Inception date: No inception date

Import-related non-tariff measure, nes

On October 5, 2016, the Court of Appeals for the Third Circuit issued a decision in the case of United States ex rel. Custom Fraud Investigations, LLC v. Victaulic Company (Case No. 15-2169) remanding a 'reverse' False Claims Act case to the District Court for the Eastern District of Pennsylvania. Legal analysts believe that the decision could lead to stricter enforcement of rules requiring that goods be marked with their country of origin. Under the False Claims Act, a 'whistleblower' that brings evidence of fraud to the government may be entitled to a reward. A 'reverse' false claim is one in which the alleged fraud involves an attempt to avoid a legal obligation (as opposed to a fraud aimed at improperly receiving funds from the government). At issue are provisions in the Tariff Act of 1930 mandating that pipe fittings manufactured outside the United States be marked with the country of origin; pipe fittings manufactured in the United States are typically unmarked. Imported pipe fittings that are not properly marked are subject to an additional 10% tariff. If improperly marked goods are discovered by customs officials, the importer has three options: (1) re-export the goods; (2) destroy the goods; or (3) mark them properly to be released for sale in the United States. In this case a private firm (Custom Fraud Investigations, LLC) alleged that many of the pipe fittings that Victaulic imported from China and Poland were not appropriately marked, and alleged that Victaulic's failure to pay the duties owed on foreign-manufactured pipe fittings constitutes reverse false claims. A district court had previously found that Victaulic's failure to pay marking duties did not amount to a reverse false claim, but the Third Circuit panel disagreed. In a two-to-one ruling it remanded the case to the district court for further consideration.
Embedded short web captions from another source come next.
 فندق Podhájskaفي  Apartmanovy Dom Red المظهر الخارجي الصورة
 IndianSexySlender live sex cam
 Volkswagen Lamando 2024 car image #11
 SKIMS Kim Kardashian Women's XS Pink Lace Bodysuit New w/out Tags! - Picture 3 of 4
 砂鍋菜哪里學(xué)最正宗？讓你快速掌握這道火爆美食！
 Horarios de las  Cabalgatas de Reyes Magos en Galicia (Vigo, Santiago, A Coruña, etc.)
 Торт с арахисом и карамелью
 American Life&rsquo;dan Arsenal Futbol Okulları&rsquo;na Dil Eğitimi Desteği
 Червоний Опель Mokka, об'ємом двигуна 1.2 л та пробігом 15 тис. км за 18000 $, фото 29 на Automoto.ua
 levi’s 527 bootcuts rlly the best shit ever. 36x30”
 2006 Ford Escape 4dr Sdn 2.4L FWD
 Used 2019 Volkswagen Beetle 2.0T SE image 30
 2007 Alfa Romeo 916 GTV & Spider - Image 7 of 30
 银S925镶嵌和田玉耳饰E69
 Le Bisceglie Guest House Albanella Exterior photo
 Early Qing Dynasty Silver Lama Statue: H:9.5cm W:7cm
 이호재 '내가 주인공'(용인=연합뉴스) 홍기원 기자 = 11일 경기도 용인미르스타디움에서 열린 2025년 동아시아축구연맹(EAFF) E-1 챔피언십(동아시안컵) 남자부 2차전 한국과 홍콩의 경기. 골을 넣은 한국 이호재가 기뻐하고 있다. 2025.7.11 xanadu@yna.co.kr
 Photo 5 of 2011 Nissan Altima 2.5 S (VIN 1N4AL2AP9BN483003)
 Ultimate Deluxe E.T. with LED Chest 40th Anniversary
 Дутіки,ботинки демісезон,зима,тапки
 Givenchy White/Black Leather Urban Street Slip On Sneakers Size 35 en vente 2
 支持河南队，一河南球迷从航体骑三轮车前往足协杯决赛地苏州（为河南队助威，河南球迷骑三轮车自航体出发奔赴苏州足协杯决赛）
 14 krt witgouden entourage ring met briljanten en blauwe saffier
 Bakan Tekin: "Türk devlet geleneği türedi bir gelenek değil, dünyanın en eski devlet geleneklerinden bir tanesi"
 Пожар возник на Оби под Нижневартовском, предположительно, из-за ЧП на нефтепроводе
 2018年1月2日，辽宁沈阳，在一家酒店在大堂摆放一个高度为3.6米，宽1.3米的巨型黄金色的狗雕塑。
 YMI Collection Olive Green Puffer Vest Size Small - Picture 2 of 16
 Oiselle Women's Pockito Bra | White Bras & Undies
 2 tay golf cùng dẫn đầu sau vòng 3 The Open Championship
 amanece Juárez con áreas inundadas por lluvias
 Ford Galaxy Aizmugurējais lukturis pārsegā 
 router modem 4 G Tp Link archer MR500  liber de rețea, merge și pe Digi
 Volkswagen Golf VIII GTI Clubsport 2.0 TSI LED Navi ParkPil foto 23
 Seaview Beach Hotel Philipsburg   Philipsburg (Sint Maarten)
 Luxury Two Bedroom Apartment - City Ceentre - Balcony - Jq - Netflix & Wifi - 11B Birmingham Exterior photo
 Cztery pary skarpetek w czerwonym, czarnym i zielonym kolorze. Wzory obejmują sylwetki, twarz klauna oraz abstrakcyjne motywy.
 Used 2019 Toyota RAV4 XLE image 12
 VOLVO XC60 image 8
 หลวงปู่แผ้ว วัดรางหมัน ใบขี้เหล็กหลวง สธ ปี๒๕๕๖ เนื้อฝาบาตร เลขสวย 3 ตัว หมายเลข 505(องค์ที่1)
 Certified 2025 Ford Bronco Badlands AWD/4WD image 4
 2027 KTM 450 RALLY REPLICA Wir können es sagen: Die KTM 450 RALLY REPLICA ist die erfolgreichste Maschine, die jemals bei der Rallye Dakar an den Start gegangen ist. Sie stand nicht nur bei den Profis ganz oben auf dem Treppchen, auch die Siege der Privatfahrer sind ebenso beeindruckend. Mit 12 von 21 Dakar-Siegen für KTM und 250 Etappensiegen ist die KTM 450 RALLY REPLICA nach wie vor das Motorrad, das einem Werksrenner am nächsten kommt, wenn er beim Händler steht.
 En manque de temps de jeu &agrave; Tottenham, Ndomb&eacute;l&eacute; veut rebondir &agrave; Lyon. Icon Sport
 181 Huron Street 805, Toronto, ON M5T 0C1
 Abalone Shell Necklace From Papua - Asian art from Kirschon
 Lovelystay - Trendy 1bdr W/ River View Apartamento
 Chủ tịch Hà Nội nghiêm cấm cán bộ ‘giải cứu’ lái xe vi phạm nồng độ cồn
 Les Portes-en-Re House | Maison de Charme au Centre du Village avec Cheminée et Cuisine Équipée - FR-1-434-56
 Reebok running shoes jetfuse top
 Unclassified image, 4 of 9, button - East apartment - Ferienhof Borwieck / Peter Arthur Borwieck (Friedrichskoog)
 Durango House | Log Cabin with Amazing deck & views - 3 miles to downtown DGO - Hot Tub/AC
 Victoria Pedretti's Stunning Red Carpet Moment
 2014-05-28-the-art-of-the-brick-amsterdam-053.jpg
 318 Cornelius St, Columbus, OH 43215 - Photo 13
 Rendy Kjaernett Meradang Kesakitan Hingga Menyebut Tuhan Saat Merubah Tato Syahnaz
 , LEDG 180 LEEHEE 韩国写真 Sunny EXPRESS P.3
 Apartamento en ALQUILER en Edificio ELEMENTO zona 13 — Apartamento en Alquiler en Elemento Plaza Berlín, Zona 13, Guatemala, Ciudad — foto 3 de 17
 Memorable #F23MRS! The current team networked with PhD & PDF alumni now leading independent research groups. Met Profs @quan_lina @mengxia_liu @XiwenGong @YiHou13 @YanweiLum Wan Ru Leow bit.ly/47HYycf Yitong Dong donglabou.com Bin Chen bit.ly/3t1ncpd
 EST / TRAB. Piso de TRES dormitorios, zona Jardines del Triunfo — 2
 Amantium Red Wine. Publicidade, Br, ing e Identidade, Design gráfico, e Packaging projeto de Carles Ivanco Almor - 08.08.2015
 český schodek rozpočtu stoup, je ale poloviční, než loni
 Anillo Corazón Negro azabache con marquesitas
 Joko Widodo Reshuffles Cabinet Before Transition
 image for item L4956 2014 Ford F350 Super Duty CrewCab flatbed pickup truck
The court observed that the 'reverse claims provision is clear: any individual who 'knowingly conceals or knowingly and improperly avoids or decreases an obligation to pay or transmit money or property to the Government' may be subject to liability.' In the event that the district court finds for the plaintiffs, it may create a new incentive for other private interests to bring claims and, in the process, increase a burden on importers.